WHAT THE TASK REQUIRES: The lines below that include the word "countertop" are to be reported.

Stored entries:
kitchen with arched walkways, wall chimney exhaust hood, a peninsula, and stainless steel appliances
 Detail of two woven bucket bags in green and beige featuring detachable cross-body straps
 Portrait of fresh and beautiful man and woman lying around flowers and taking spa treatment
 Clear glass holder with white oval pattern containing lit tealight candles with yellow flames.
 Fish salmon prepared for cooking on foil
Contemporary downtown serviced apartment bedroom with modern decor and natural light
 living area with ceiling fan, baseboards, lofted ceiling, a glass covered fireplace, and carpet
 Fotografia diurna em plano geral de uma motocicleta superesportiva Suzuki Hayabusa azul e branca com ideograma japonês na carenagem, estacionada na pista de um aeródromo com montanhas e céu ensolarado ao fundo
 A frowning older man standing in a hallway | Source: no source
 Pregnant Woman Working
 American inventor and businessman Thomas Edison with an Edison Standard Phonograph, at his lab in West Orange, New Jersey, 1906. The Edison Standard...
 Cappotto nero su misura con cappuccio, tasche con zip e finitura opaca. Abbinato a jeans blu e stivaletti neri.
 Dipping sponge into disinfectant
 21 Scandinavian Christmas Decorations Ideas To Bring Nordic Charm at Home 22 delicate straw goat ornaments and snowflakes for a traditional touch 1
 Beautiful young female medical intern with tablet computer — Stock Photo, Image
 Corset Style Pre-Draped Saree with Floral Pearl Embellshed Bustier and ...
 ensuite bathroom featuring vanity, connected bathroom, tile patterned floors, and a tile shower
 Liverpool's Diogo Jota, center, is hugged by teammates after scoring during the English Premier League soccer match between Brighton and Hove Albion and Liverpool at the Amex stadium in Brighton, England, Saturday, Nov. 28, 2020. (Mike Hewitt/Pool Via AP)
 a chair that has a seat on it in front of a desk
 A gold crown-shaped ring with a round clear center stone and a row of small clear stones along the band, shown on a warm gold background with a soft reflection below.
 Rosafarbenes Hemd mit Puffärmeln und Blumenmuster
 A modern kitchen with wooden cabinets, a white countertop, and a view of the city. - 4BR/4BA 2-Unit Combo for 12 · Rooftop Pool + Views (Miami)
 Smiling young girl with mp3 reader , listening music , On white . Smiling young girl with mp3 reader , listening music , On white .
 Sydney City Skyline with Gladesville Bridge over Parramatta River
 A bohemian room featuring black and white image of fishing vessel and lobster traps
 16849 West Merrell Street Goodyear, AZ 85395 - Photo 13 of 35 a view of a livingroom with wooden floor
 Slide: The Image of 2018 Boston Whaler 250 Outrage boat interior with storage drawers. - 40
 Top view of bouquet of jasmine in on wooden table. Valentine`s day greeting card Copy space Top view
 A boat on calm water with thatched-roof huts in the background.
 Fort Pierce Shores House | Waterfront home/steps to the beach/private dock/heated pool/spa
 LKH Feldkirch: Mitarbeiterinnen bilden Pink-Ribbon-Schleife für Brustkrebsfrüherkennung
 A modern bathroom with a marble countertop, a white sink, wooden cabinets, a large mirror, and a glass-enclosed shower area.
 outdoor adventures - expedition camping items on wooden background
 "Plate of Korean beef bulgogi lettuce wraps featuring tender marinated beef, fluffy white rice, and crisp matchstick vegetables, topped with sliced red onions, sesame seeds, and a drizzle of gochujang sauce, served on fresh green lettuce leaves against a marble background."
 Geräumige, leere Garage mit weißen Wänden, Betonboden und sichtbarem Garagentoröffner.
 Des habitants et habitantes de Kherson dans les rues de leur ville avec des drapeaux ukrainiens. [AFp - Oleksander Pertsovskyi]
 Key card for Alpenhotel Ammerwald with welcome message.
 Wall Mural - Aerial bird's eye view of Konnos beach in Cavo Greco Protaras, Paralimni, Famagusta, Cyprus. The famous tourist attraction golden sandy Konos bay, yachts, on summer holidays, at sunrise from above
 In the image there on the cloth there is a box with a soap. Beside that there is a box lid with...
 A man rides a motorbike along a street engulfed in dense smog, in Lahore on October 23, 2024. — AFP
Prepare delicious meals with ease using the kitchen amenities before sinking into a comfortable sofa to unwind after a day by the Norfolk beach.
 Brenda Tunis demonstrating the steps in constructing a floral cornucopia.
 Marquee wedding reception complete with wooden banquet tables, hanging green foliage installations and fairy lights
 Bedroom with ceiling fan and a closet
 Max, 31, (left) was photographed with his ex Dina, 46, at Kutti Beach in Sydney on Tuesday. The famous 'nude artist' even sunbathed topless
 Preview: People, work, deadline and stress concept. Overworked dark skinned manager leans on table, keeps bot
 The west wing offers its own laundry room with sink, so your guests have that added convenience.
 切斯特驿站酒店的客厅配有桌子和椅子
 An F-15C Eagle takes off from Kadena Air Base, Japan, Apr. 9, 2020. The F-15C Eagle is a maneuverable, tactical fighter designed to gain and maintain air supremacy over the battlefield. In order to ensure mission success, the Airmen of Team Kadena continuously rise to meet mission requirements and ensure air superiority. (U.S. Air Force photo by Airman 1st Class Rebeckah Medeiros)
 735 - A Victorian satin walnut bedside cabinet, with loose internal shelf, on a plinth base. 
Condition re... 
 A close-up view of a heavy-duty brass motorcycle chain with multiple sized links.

SOLUTION FOR THIS EXERCISE:
 A modern kitchen with wooden cabinets, a white countertop, and a view of the city. - 4BR/4BA 2-Unit Combo for 12 · Rooftop Pool + Views (Miami)
 A modern bathroom with a marble countertop, a white sink, wooden cabinets, a large mirror, and a glass-enclosed shower area.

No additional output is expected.